**WHAT IS EXPECTED**
Your job with the data below is to output exactly the lines from the one holding "Hollanda'da 1500 kişilik sokak iftarı" down to the one holding "Μισέλ Τζάστους: Στο", both included, and no others.

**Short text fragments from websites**
○ ○ ○ ○ ○ ○ ○

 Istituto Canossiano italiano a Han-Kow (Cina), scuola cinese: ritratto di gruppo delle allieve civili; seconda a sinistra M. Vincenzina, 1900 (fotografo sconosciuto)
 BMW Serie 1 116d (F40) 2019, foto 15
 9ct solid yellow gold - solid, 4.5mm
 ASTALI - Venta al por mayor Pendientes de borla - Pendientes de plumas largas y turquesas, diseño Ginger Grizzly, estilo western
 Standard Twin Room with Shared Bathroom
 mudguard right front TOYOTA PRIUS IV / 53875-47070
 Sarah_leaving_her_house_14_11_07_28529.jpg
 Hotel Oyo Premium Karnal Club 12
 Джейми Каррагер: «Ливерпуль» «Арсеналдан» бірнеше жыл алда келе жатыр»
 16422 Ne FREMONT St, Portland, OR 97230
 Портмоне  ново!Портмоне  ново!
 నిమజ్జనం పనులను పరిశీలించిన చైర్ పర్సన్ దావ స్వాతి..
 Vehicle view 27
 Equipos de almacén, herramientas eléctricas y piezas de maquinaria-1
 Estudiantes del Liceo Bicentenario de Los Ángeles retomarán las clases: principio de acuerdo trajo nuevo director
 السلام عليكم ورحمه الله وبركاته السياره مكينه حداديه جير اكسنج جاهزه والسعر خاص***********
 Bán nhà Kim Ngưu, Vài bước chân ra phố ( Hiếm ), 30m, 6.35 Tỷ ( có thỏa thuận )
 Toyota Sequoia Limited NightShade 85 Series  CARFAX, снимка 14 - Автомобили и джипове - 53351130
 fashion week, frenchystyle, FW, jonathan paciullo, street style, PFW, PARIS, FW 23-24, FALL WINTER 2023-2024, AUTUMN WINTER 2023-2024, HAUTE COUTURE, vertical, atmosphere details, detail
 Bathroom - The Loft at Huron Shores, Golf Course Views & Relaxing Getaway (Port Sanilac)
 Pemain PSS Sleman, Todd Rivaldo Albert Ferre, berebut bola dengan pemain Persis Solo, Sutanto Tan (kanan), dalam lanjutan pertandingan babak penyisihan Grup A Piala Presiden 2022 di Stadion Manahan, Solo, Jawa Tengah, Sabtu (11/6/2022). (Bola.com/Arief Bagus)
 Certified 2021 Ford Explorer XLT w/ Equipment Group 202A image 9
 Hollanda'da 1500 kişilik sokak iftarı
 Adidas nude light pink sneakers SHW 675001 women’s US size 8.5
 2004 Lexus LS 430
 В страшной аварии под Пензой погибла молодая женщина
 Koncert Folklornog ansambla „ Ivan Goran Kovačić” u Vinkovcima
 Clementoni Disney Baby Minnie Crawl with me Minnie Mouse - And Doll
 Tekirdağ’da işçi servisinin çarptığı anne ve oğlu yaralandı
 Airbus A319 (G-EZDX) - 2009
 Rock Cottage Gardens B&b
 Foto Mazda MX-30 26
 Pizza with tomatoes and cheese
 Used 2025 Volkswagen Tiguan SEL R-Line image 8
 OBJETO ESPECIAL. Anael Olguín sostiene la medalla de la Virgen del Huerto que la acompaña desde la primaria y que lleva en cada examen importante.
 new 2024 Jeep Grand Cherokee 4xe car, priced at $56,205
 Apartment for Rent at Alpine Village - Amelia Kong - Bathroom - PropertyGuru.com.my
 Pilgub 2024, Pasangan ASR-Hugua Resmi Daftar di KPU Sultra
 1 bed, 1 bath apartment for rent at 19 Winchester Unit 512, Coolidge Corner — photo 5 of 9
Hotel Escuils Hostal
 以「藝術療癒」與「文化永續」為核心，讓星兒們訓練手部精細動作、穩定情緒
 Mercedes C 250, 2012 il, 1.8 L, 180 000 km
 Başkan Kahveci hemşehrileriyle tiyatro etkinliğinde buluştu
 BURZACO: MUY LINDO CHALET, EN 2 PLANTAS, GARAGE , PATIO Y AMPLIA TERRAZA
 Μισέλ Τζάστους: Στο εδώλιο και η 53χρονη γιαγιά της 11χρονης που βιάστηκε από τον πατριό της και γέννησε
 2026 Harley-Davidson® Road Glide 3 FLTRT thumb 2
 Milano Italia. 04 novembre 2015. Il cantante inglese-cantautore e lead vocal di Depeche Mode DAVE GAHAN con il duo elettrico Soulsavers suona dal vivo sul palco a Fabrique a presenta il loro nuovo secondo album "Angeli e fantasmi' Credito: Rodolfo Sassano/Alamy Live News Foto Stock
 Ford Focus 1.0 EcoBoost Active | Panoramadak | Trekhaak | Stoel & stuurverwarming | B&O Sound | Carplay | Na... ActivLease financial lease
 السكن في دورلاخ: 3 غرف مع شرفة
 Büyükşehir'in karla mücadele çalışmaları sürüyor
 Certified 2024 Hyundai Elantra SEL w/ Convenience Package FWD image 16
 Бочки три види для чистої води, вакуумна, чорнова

○ ○ ○ ○ ○ ○ ○

**REPLY**
 Hollanda'da 1500 kişilik sokak iftarı
 Adidas nude light pink sneakers SHW 675001 women’s US size 8.5
 2004 Lexus LS 430
 В страшной аварии под Пензой погибла молодая женщина
 Koncert Folklornog ansambla „ Ivan Goran Kovačić” u Vinkovcima
 Clementoni Disney Baby Minnie Crawl with me Minnie Mouse - And Doll
 Tekirdağ’da işçi servisinin çarptığı anne ve oğlu yaralandı
 Airbus A319 (G-EZDX) - 2009
 Rock Cottage Gardens B&b
 Foto Mazda MX-30 26
 Pizza with tomatoes and cheese
 Used 2025 Volkswagen Tiguan SEL R-Line image 8
 OBJETO ESPECIAL. Anael Olguín sostiene la medalla de la Virgen del Huerto que la acompaña desde la primaria y que lleva en cada examen importante.
 new 2024 Jeep Grand Cherokee 4xe car, priced at $56,205
 Apartment for Rent at Alpine Village - Amelia Kong - Bathroom - PropertyGuru.com.my
 Pilgub 2024, Pasangan ASR-Hugua Resmi Daftar di KPU Sultra
 1 bed, 1 bath apartment for rent at 19 Winchester Unit 512, Coolidge Corner — photo 5 of 9
Hotel Escuils Hostal
 以「藝術療癒」與「文化永續」為核心，讓星兒們訓練手部精細動作、穩定情緒
 Mercedes C 250, 2012 il, 1.8 L, 180 000 km
 Başkan Kahveci hemşehrileriyle tiyatro etkinliğinde buluştu
 BURZACO: MUY LINDO CHALET, EN 2 PLANTAS, GARAGE , PATIO Y AMPLIA TERRAZA
 Μισέλ Τζάστους: Στο εδώλιο και η 53χρονη γιαγιά της 11χρονης που βιάστηκε από τον πατριό της και γέννησε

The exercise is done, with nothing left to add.